Spring-Heeled Jack, a 19th century London cryptid story
(Image 1: The cover of a fiction magazine ‘Spring-Heeled Jack 2 by Robert Prowse, 1904)
In 1837 and 1838, northwest London was terrorized by a series of attacks from a mysterious figure. He would come out at night and mainly assault women, ripping their clothes with his cold iron fingernails and stealing valuables.
After every sighting, the creature would always escape by leaping unnaturally high, a trait that earned him the nickname ‘Spring-Heeled Jack’.
Supposedly, he was often seen jumping from one rooftop to another, laughing maniacally during his escape. He usually only scared people, but there are also stories of Jack tearing a child to shreds with his iron talons, and crashing a carriage by suddenly appearing in front of it and then disappearing. There are several accounts of the cryptid scaring people to death.
Many people claimed he was a supernatural creature. Sometimes he was said to wear a suit of armor or a black cape, and other times he supposedly took the form of a bear or a white bull. He was described as ‘devil-like’, smelled like brimstone, had glowing red eyes, and sometimes would spit blue fire (in some stories, the fire was produced from a magic bullseye lantern). Some sources equated him with the actual devil.
These attacks happened during a time when ghost stories were popular entertainment (newspapers would even publish dramatized reports of supposedly haunted locations), and as a consequence Jack got mixed with folklore ghosts in the public eye. He was regarded as a devil or a ghost, and parents even used him as a bogeyman to scare misbehaving children.
(Image source 2: illustration from an unknown penny dreadful, BBC Hulton Picture Library)
In fact, Spring-Heeled Jack was soon connected to an earlier ghost sighting of a figure in a white robe in the cholera burial ground (which contains a mass grave for the Sheffielders who died in the epidemic of 1832).
Some people, according to an 1873 article in the Sheffield & Rotherham Independent, believed that Jack was actually the ghost of a cholera victim who came back to haunt the world of the living. Supposedly, he would regularly return to this graveyard. Also, in one account from a carpenter who claimed to have been attacked, Jack summoned two ghosts to aid him when the victim tried to fight back.
Interestingly, he was sometimes described as an athletic (but not supernatural!) human being wearing a devil mask and a suit. In these stories, the giant leaps were explained by way of spring-loaded shoes.

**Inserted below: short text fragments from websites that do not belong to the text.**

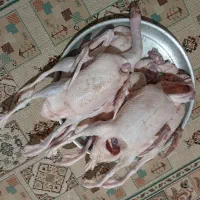 اردک زنده و پاک شده محلی و تخم نطفه دار اردک محلی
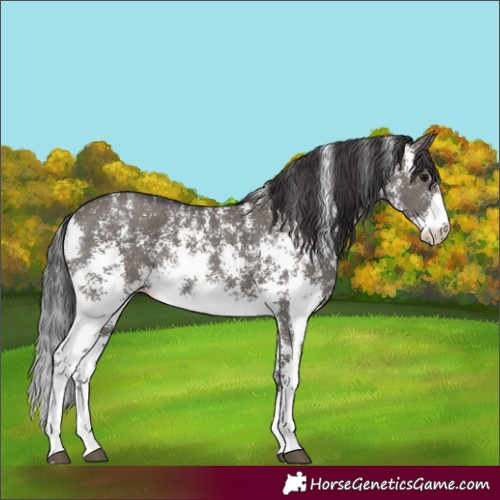 Horse Color:Smoky Grullo Sabino Rabicano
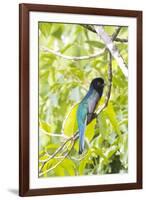 Belize, Central America. Gartered Trogon with iridescent bluish back.-Tom Norring-Framed Photographic Print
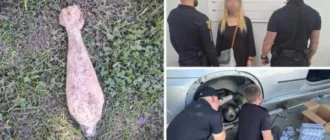 У цей день на Закарпатті: фейкове замінування, сімейний садист та крадіжа лісу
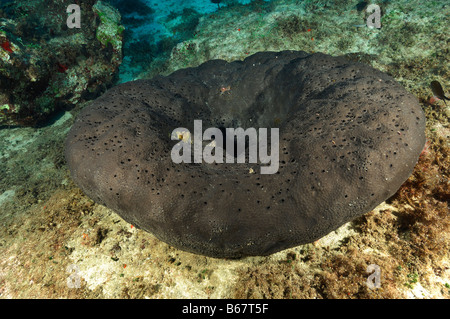 Black Sponge, Ircinia muscarum, Kas, Antalya, Mediterranean Sea, Turkey  Stock Photo - Alamy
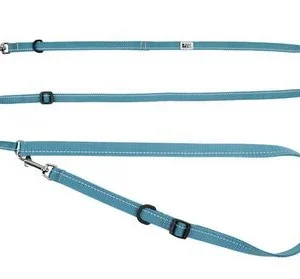 Laisse pour chien et chat, RC Pets, Primary Active bleu sarcelle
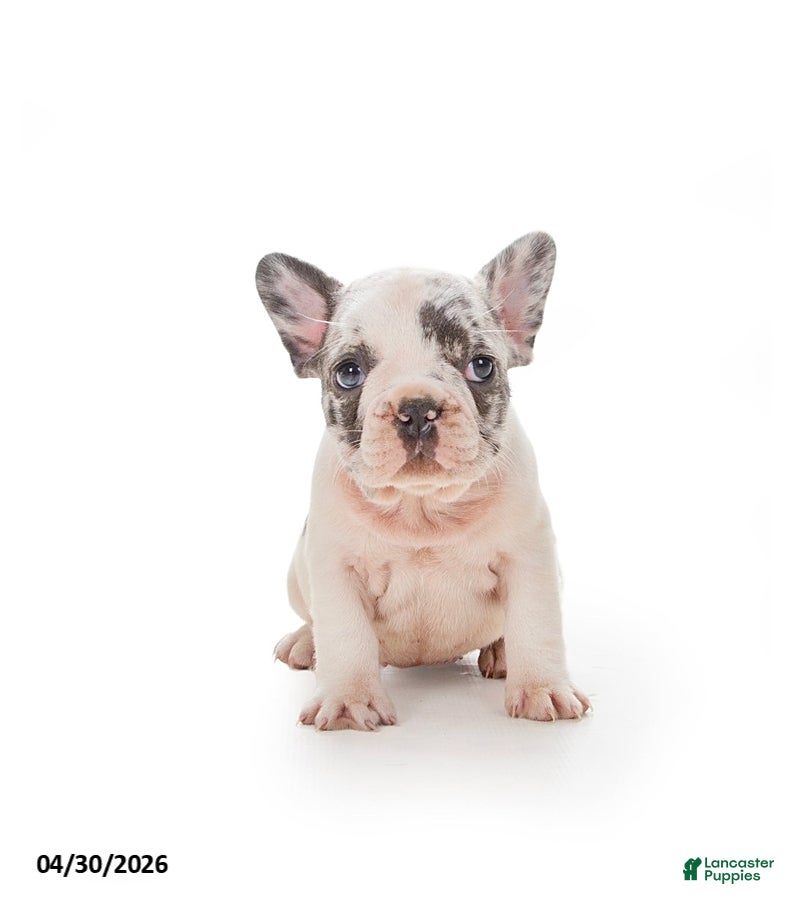 French Bulldog dogs for sale: Lily - Ad 3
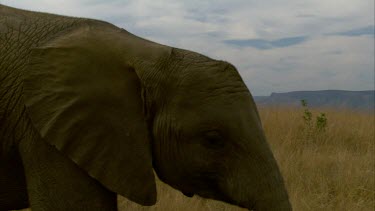 Elephant CU raising waving trunk in air mouth open **  day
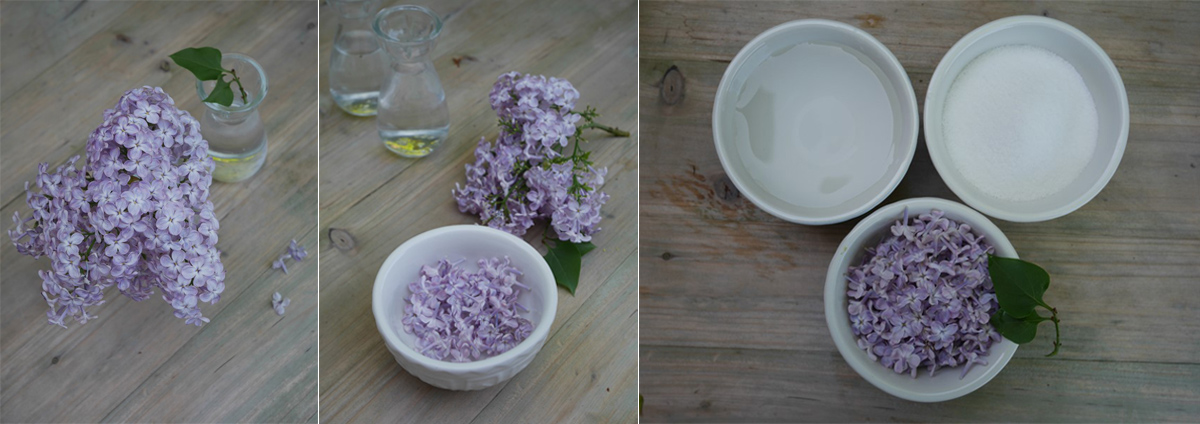 Lilac syrup. Cooking at home with step-by-step recipes.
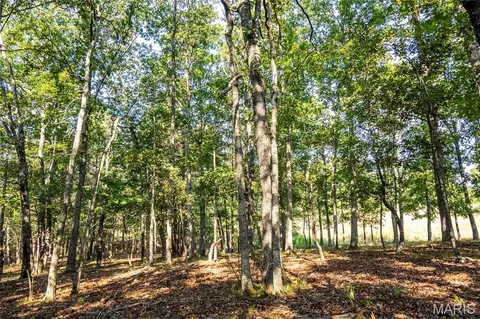 00 Highway 72, Bunker, MO 63629 photo 72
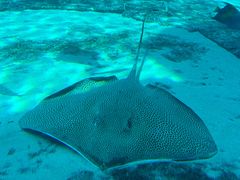 -迪拜水族馆及水下动物园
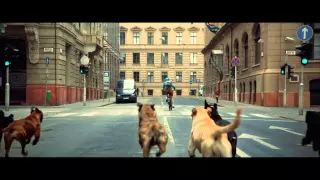 White God - Bande Annonce VF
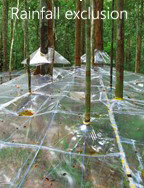 photo02:experiments blocking rain in the rainforest
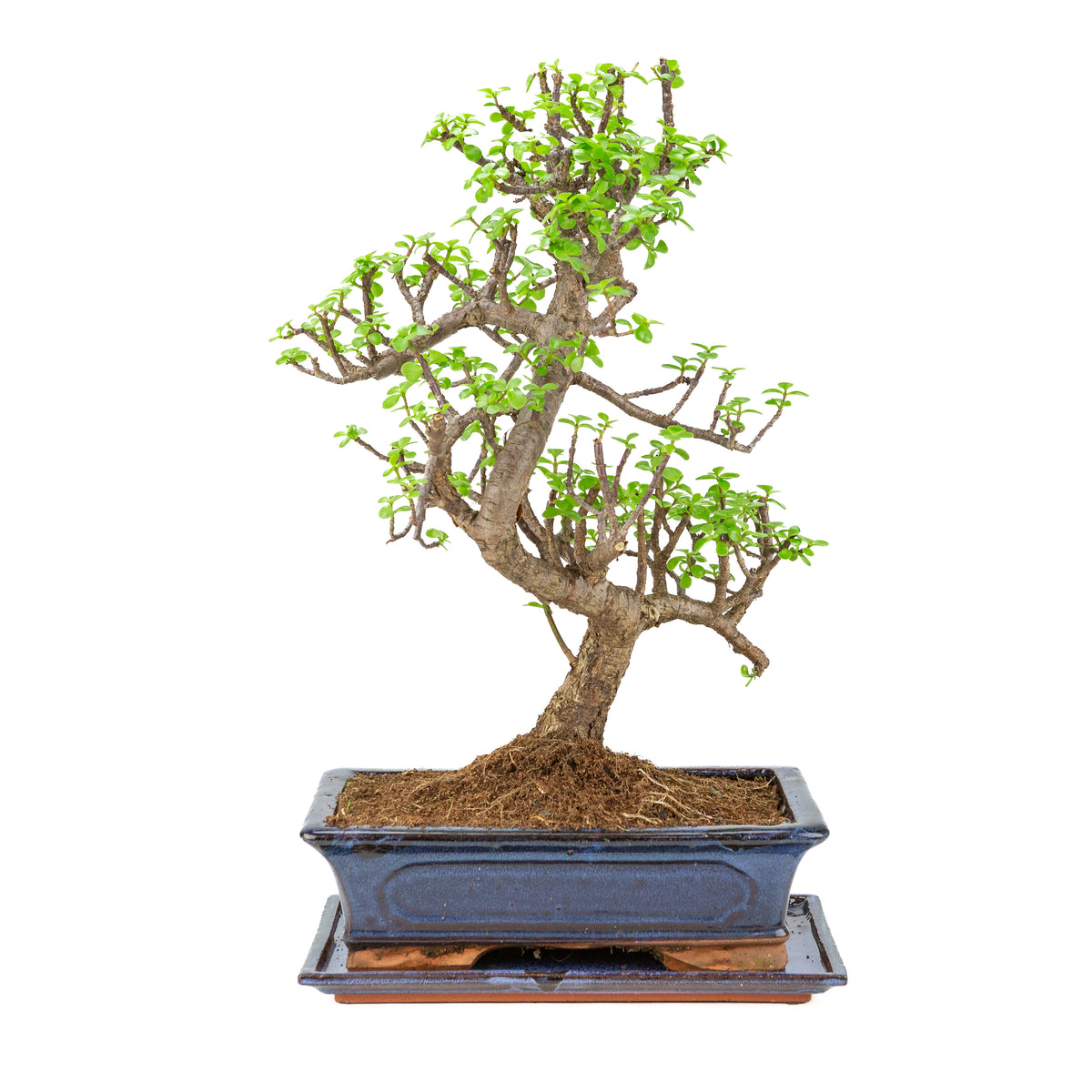 Bonsai di Portulacaria afra (Spekboom) in vaso blu 29cm, altezza ~53cm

The newspapers named a suspect: Lord Henry de la Poer Beresford, marquis of Waterford, who was already notorious in the area for his love of pranks. He would pull practical jokes on passersby, which were often needlessly cruel and outright dangerous. In 1838, The Times published an anonymous letter to the mayor of London, claiming that the local prankster nobleman was indeed the culprit, though hard evidence was never found. Some people formed armed mobs to patrol the streets in an attempt to catch Spring-Heeled Jack in the act, but they never succeeded.
(Image source 3: Vladimir Lemajic)
The character seemed to stick, however, and became popular in the ‘penny dreadfuls’: cheap, weekly fiction stories that often featured crime and action plots. In these books, Jack usually had horns and bat wings. He was usually a vengeful anti-hero rather than a villain, despite being based on a cryptid who assaulted women. In fact, he was often written as a hero of the working class in these books, fighting aristocrats who abused their power and money.
Spring-Heeled Jack’s popularity resulted in the appearance of several copycats by the mid-19th century: some of these were harmless pranksters, dressing up as a winged devil to scare and confuse people, while others would rob or assault their victims.
It is difficult to distinguish fact from fiction: though I doubt he actually performed even half of the feats ascribed to him, I don’t find it unlikely that there really was a masked robber. The foggy streets of 19th century London were no safe places for women, after all.
Sources:
Clarke, D., 2006, Unmasking Spring-heeled Jack: A case study of a 19th century ghost panic, Contemporary Legend n.s. 9: p.28-52. Mackley, J. S., 2016, Spring-heeled Jack: the Terror of London, Aeternum: the Journal of Contemporary Gothic Studies, 3(2), p. 1-20. 2324-4895.